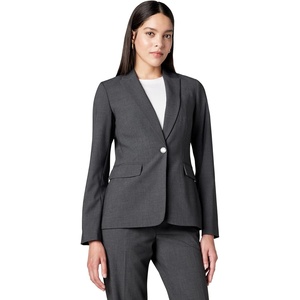 Calvin Klein Women’s One Button Lux Blazer(Charcoal)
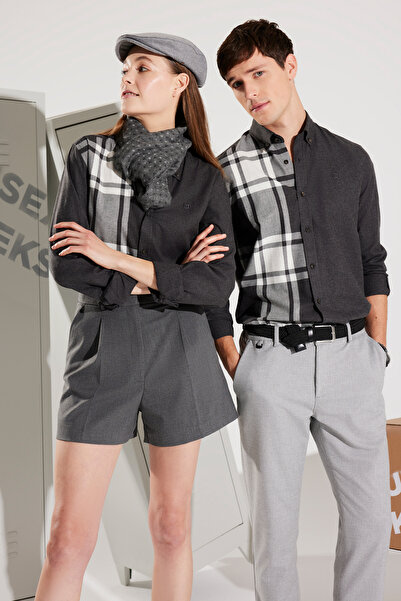 Avva Ανδρικό μαύρο καρό φανελένιο πουκάμισο ξυλοκόπο A32y2119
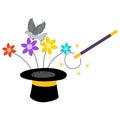 Magic hat and wand with sparkles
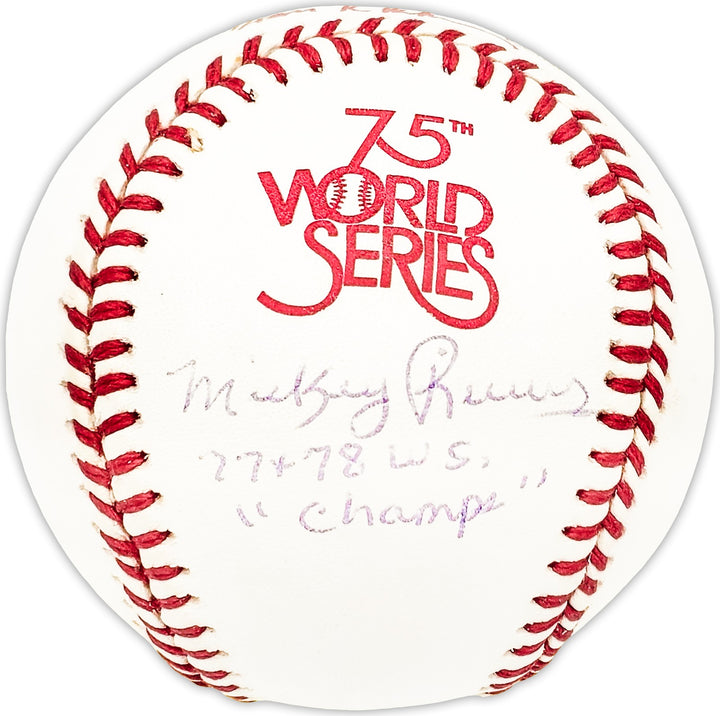 Mickey Rivers Autographed 1978 WS Baseball Yankees Champs Beckett BM25597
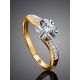 Classy Golden Ring With White Diamonds, Ring Size: 9 / 19, image , picture 2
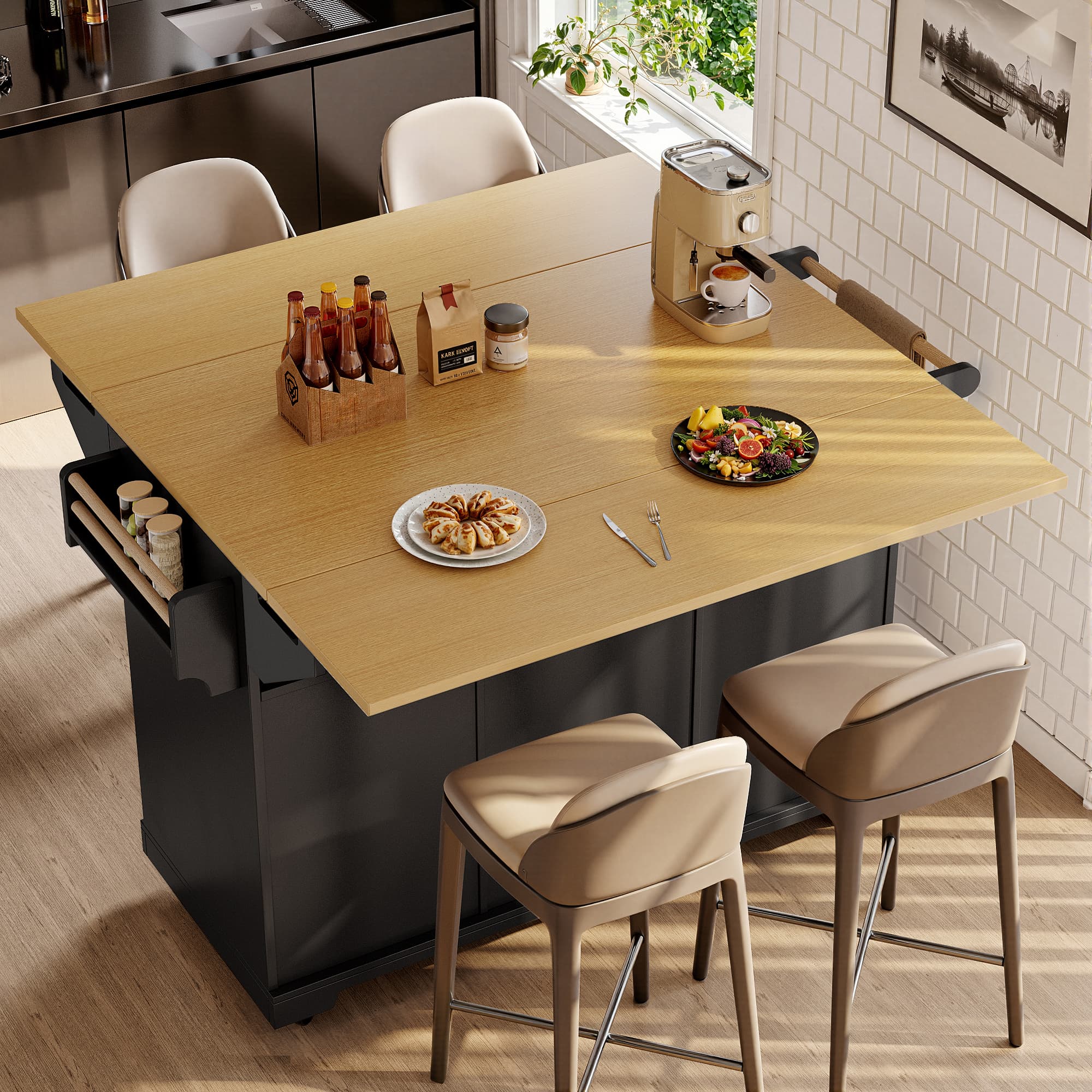 Extendable Kitchen Island Trolley for Ultimate Versatility - image 4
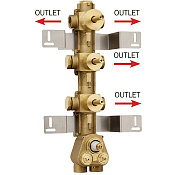 Bossini Встраиваемая часть с 2 запорными клапанами и девиаторами, 4 потребителя Z030271000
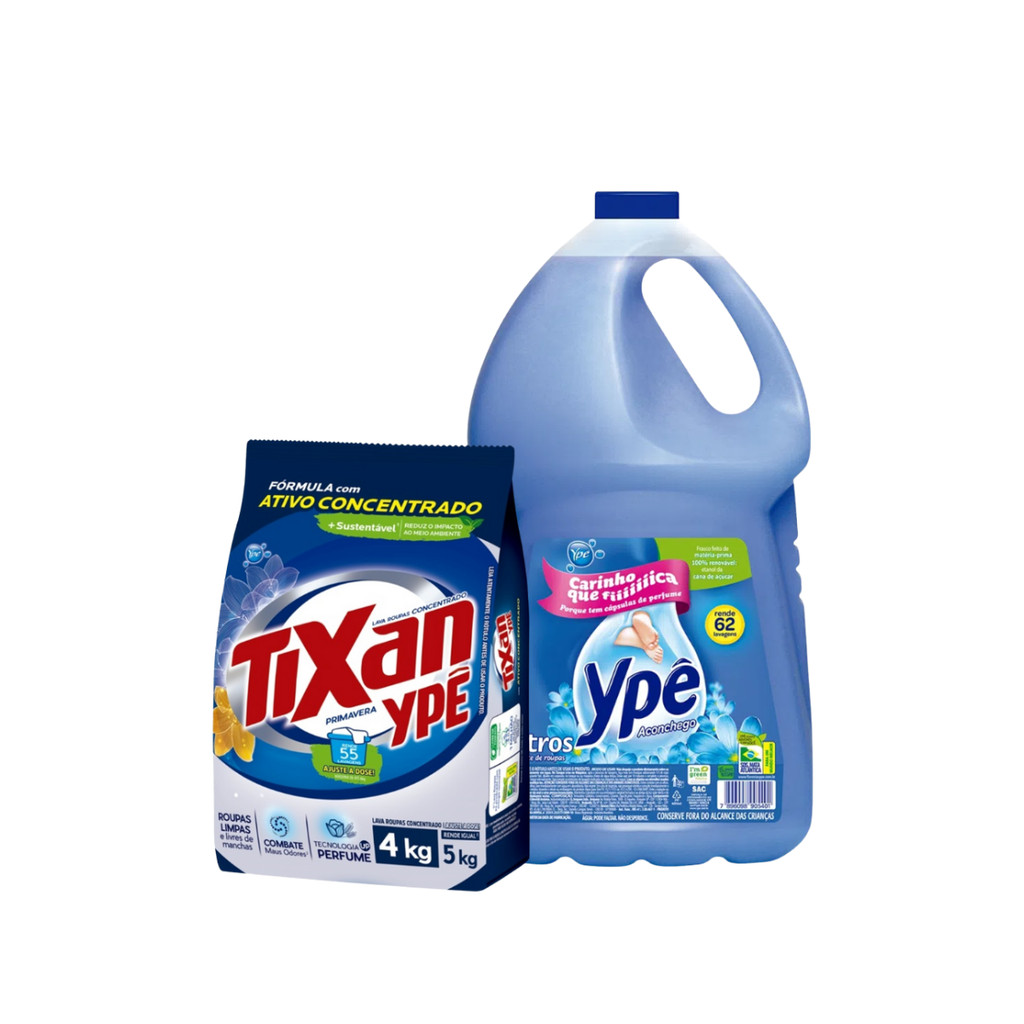 Kit Lava Roupas Primavera 4kg + Amaciante Aconchego Ypê 5L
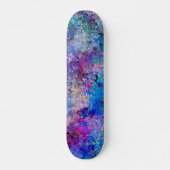 Skateboard Bleu rose Turquoise gouttes Abstraction (Devant)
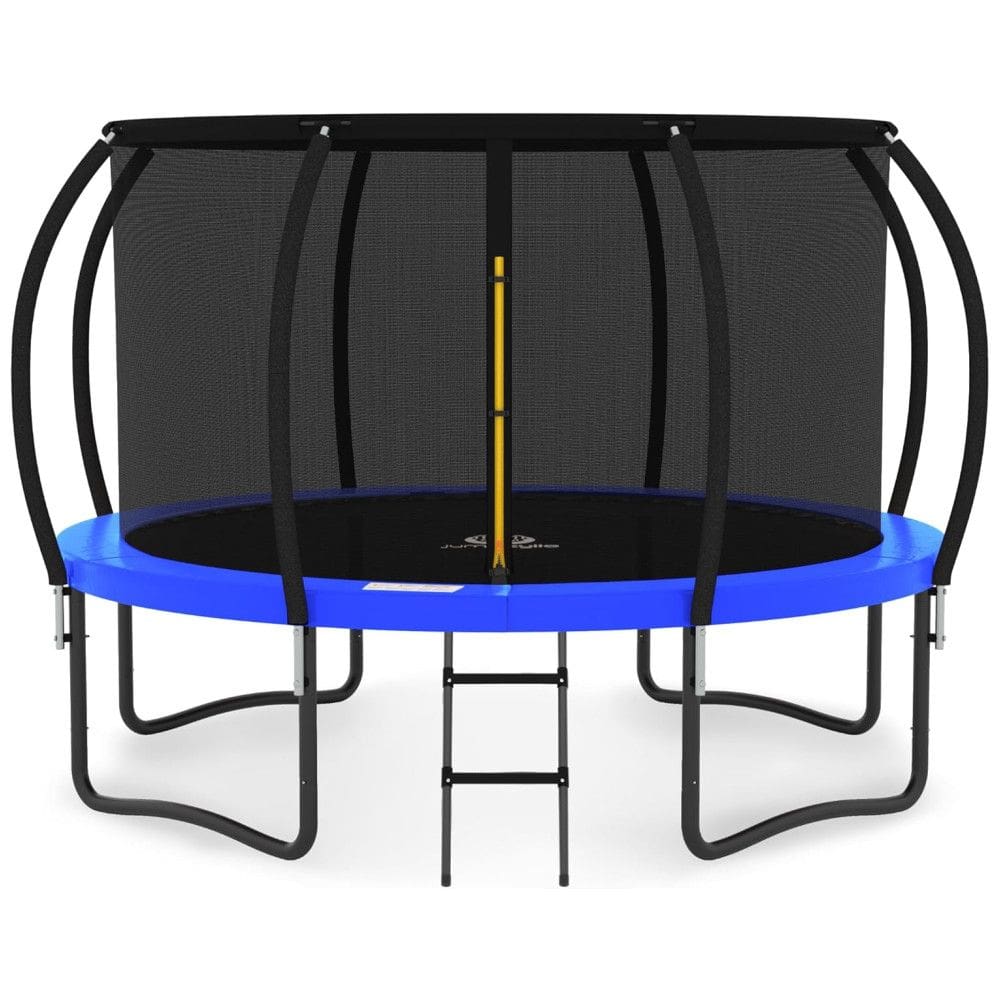 Cama Elastica Capacidade até 150 kg com Escada e Revestimento Antiferrugem, JUMPZYLLA, Azul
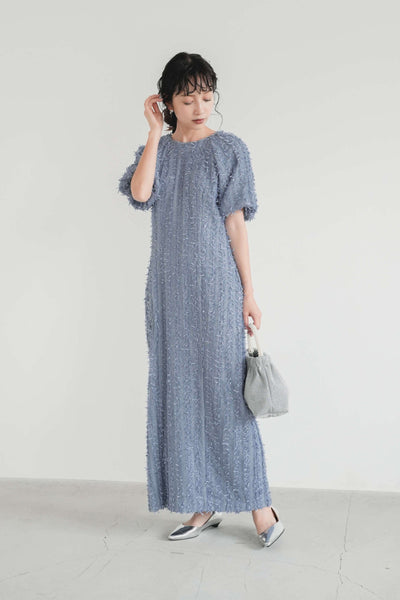 re'kaene(リカエン)公式サイト (レンタル) ボリュームスリーブオールレースドレス( 36 / sax )100938 | モデル身長157cm 着用サイズ36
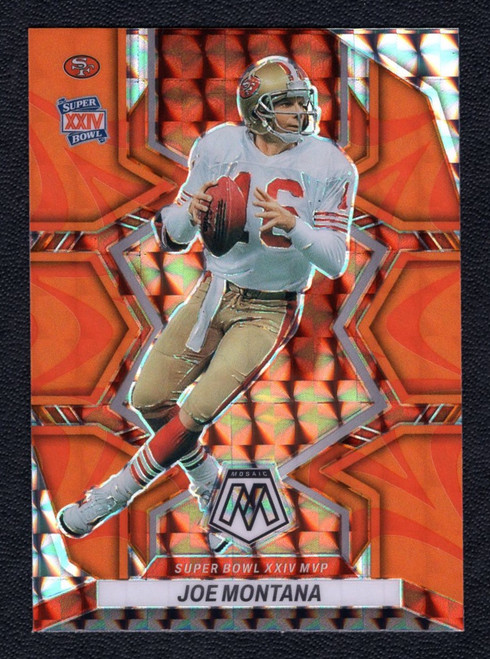 2020 Panini Mosaic #296 Joe Montana Super Bowl XXIV MVP Orange Reactive Prizm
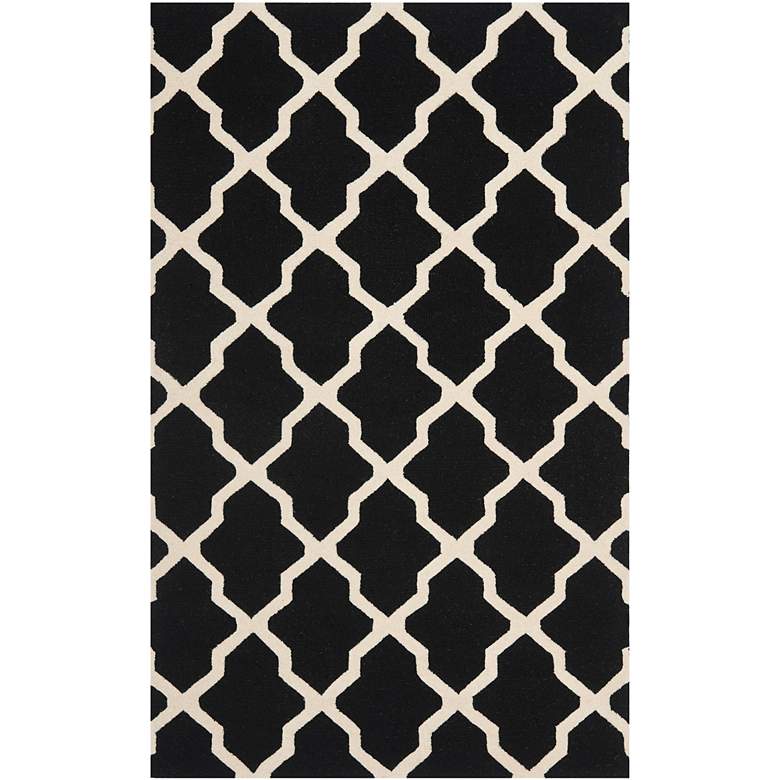 Image 1 Safavieh Cambridge CAM121E 5&#39;x8&#39; Black/Ivory Wool Rug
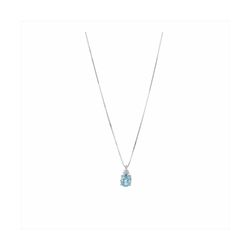 Collar Plata Sovrani 45cm J8838 Circonita Bicolor Aguamarina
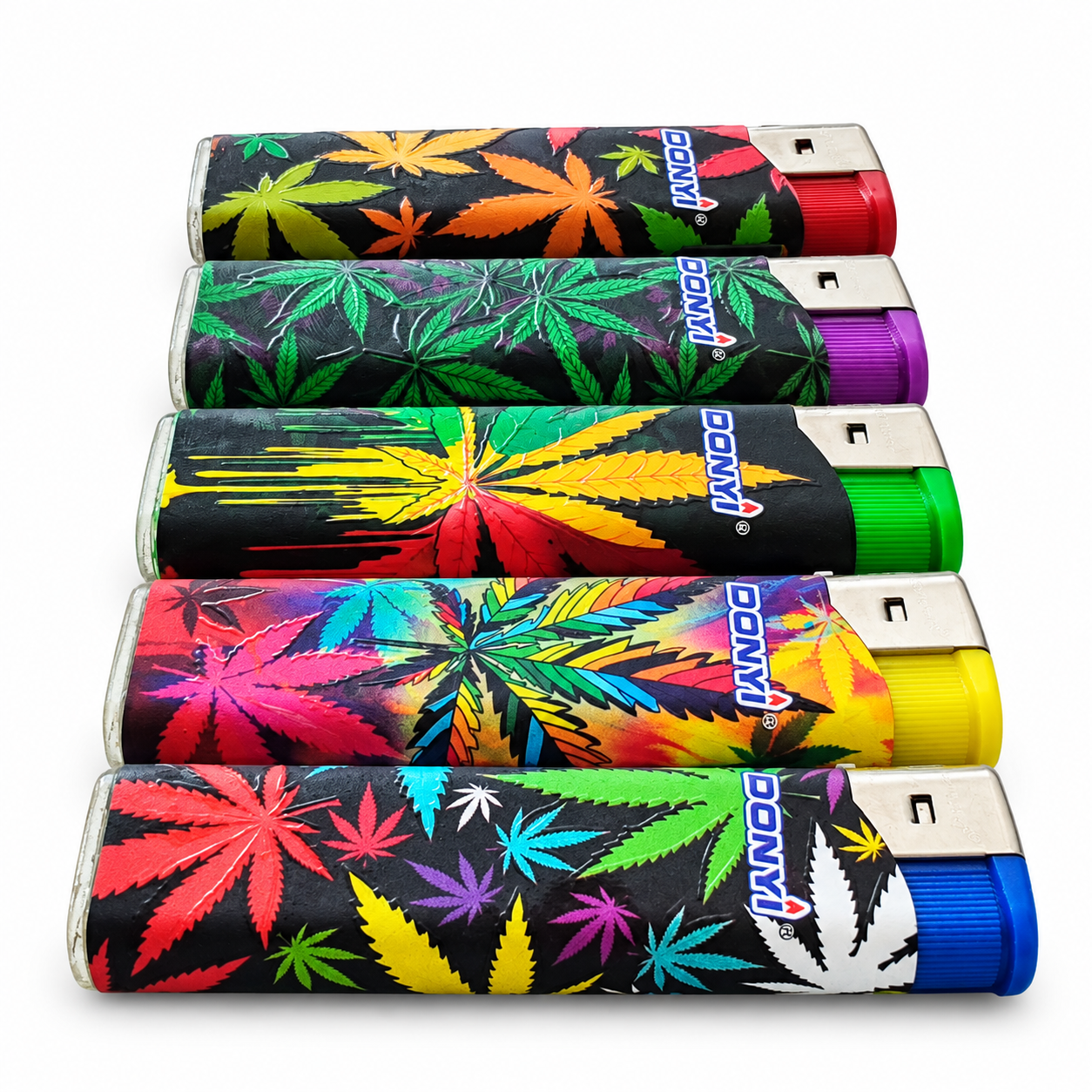 Donny cannabis leaf design lighters angled view showing the printed leaf artwork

# Instructions to follow
Write out again, exactly, each line from the one with "Collar Plata Sovrani" to the end of the entries. No pictures go in.

# Solution to the problem
 Collar Plata Sovrani 45cm J8838 Circonita Bicolor Aguamarina
 Donny cannabis leaf design lighters angled view showing the printed leaf artwork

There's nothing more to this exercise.